Python · Claude API · Next.js · Prisma · LLM pipelines
Production mobile app and serverless backend orchestrating seven public APIs (SYKE, Finnish Transport Infrastructure Agency, Traficom, FMI, Digitraffic AIS, EMODnet, Cloudflare) into a unified real-time situational picture for boaters. Crowdsourced hazard map with community confirmations, offline-first design (SQLite), GDPR-compliant storage, Cloudflare Turnstile abuse protection.
React Native · Expo · TypeScript · MapLibre · Next.js 15 · Neon PostgreSQL · Vercel Edge
→ karikko · karikko-api
Production TypeScript WCAG 2.2 AA scanner that discovers Finnish business sites, runs accessibility audits, and enriches leads with business-registry data. Claude-powered summaries enable personalised outreach. Hardened infrastructure following a production compromise: Redis authentication, API middleware, SSRF/DNS-rebinding protection, root-execution removal, Vitest coverage, GitHub Actions CI.
Node.js · TypeScript · Playwright · axe-core · Redis · BullMQ · Claude API
Proof of concept for a quantum-resistant communication protocol: a 50-byte command frame optimised for low-bandwidth links, Shamir's Secret Sharing (3/5) key management, and a duress-vault pattern for coercion resistance.

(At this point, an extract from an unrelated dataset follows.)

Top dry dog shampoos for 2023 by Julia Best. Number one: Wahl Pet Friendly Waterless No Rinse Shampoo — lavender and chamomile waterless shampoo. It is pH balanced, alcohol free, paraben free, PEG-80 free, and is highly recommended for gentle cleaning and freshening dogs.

Targeted conceptually at the EU Iris² satellite constellation and LoRa mesh as transport. The README openly documents the PoC's known limitations and a realistic production path — with NCSC-FI / Common Criteria certification framed as a future phase, not a current state.
Node.js · ML-KEM-768 (FIPS 203) · ML-DSA-65 (FIPS 204) · AES-256-GCM
Zero-dependency (0 npm packages) 3D simulation demonstrating real-time routing and collision avoidance for 150 vehicles in-browser at 60 FPS. Hamiltonian energy minimisation and repulsive safety-potential fields. Accessibility at the core: prefers-reduced-motion support and semantic ARIA mapping for the 3D environment.

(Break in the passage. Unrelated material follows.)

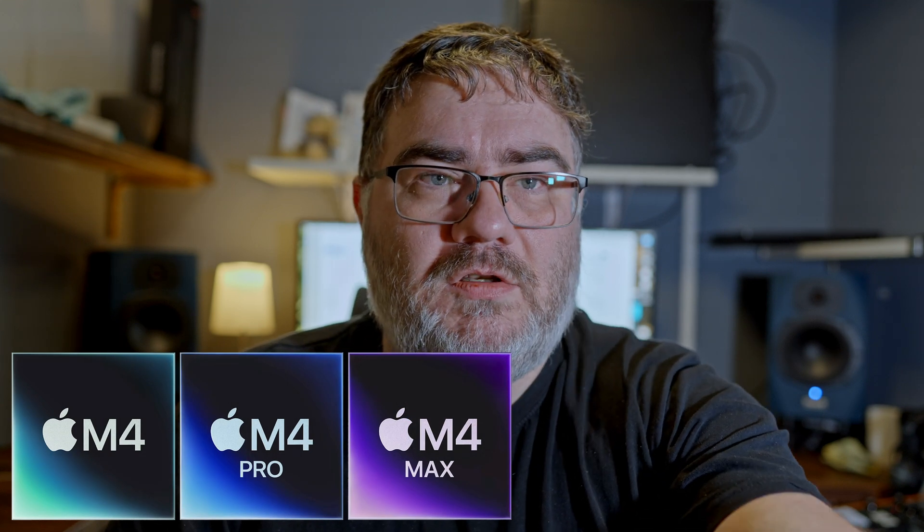The only thing you lose with external storage is the hassle of having another device, and the speed is a bit lower — but it's not significant in day-to-day use. The software you use for music production might also decide what type of M4 CPU you should go for in your new Mac.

Vanilla JavaScript · Three.js · Hamiltonian mechanics · WCAG 2.2 AA
LLM & AI: Claude API · Anthropic SDK · Agentic orchestration · RAG architectures · Multi-pass extraction · Deterministic validation ML research: Model calibration · Uncertainty quantification · Range–null decomposition · Pre-registered design · Statistical analysis Languages: TypeScript · Node.js · Python · PyTorch · React · React Native Backend: Next.js 15 · BullMQ · Redis · PostgreSQL · Prisma · Neon serverless Infrastructure: Vercel Edge · Docker · Hetzner · Linux · Cloudflare · OAuth 2.0 · System hardening Accessibility: WCAG 2.2 AA · ARIA · Semantic HTML · NVDA/VoiceOver testing · Mobile accessibility (React Native)
LLM systems fail in production when reliability, validation, and operational constraints are treated as afterthoughts. I work where probabilistic reasoning meets deterministic logic — where hallucination must be eliminated, not just monitored; where accessibility is engineered into the architecture, not audited at the end; and where the same discipline applies to my own research as to my code: pre-register before the data, flag what's uncertain, retract what doesn't hold.